→ Your assignment:
Would you give again, exactly, the lines running from the line with "Pemberly Row Contemporary" to the end of the data below, both included?

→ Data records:
• • • • •

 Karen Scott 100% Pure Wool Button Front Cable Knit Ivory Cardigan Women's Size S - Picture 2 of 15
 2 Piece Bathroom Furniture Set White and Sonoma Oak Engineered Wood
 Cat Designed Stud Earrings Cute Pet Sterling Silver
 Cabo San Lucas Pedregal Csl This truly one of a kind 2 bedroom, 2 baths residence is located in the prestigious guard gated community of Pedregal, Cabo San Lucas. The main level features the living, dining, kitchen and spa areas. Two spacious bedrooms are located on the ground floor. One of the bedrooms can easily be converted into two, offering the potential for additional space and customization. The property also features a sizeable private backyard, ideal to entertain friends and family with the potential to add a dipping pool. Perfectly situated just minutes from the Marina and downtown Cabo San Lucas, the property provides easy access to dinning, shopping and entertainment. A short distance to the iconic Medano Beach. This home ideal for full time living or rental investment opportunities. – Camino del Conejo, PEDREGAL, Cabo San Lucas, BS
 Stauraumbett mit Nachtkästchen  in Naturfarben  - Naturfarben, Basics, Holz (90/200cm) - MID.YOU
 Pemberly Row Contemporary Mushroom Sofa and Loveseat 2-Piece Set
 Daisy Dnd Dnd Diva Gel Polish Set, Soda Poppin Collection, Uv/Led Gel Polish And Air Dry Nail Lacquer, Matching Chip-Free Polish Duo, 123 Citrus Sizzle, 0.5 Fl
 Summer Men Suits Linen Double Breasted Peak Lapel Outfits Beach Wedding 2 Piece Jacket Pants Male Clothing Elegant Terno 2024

• • • • •

→ Response area:
 Pemberly Row Contemporary Mushroom Sofa and Loveseat 2-Piece Set
 Daisy Dnd Dnd Diva Gel Polish Set, Soda Poppin Collection, Uv/Led Gel Polish And Air Dry Nail Lacquer, Matching Chip-Free Polish Duo, 123 Citrus Sizzle, 0.5 Fl
 Summer Men Suits Linen Double Breasted Peak Lapel Outfits Beach Wedding 2 Piece Jacket Pants Male Clothing Elegant Terno 2024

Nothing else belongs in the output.